Ovington wondered anew, seeing his son in a new light. This was not the idler with his eyes on the ledger and his thoughts abroad, whom he had known in the bank, but a young man with purpose in his glance and a cut on his cheek-bone, who looked as if he could be ugly if it came to a pinch. A quite new Clement-or new at any rate to him.
He reflected. The affair would be talked of, and certainly it would be a feather in the bank's cap if the money, which the Squire had withdrawn, were recovered through the bank's exertions. Viewed in that light there was method in the lad's madness, whatever had bitten him, "Well, I think it is a dangerous business," he said at last, "and it is not your business. But go, if you will, only you must take Payne with you."
Payne was the bank man-of-all-work, but Clement would not hear of Payne. If he could be called at five, he asked no more. Even if all the seats on the Victory were booked, they would find room for him somewhere.

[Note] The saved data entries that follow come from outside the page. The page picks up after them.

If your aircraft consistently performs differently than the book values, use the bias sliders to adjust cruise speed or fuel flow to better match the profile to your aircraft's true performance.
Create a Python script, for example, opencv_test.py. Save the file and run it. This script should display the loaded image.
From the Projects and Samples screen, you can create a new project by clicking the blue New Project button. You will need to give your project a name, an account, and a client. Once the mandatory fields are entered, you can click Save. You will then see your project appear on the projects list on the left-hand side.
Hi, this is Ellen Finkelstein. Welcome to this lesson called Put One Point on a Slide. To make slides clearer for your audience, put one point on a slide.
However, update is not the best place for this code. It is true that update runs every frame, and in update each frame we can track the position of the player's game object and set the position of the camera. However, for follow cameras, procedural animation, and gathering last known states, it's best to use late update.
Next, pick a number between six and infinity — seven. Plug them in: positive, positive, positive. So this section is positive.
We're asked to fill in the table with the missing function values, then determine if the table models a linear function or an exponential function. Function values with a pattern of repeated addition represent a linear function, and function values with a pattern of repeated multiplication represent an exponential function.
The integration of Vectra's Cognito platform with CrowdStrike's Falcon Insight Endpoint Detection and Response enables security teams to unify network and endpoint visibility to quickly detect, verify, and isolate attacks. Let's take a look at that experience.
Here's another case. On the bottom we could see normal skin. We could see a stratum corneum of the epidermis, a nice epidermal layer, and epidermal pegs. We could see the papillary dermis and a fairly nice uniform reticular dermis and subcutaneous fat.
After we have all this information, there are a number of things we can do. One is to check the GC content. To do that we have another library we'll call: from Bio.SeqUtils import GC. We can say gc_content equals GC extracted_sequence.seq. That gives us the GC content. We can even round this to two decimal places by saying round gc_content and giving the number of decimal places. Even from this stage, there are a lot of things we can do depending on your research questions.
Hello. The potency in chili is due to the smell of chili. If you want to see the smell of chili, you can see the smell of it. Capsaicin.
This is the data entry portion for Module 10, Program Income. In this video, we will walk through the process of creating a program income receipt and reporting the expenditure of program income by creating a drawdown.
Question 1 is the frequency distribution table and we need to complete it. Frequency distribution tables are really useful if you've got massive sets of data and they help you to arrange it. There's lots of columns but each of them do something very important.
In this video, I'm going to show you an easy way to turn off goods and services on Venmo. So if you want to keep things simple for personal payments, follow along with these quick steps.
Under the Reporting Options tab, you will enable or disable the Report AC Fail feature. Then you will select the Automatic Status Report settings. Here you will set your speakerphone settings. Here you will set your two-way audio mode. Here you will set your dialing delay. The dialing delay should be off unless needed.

"But your face?" Betty said. "Isn't it painful? It's turning black."
"I'll bet that villain's is as black!" he retorted. "I know I got home on him once. Only let me be called."
But his father saw that, as he passed through the hall, he took one of the bank pistols out of the case in which they were kept, and slipped it into his pocket. The banker wondered anew, and felt perhaps more anxiety than he showed. At any rate, it was he who called the lad at five and saw that he drank the coffee that Betty had prepared, and that he ate something. At the last, indeed, Clement feared that his father might offer to accompany him, but he did not. Possibly he had decided that if his son was bent on proving his mettle in this odd business, it was wisest not to balk him.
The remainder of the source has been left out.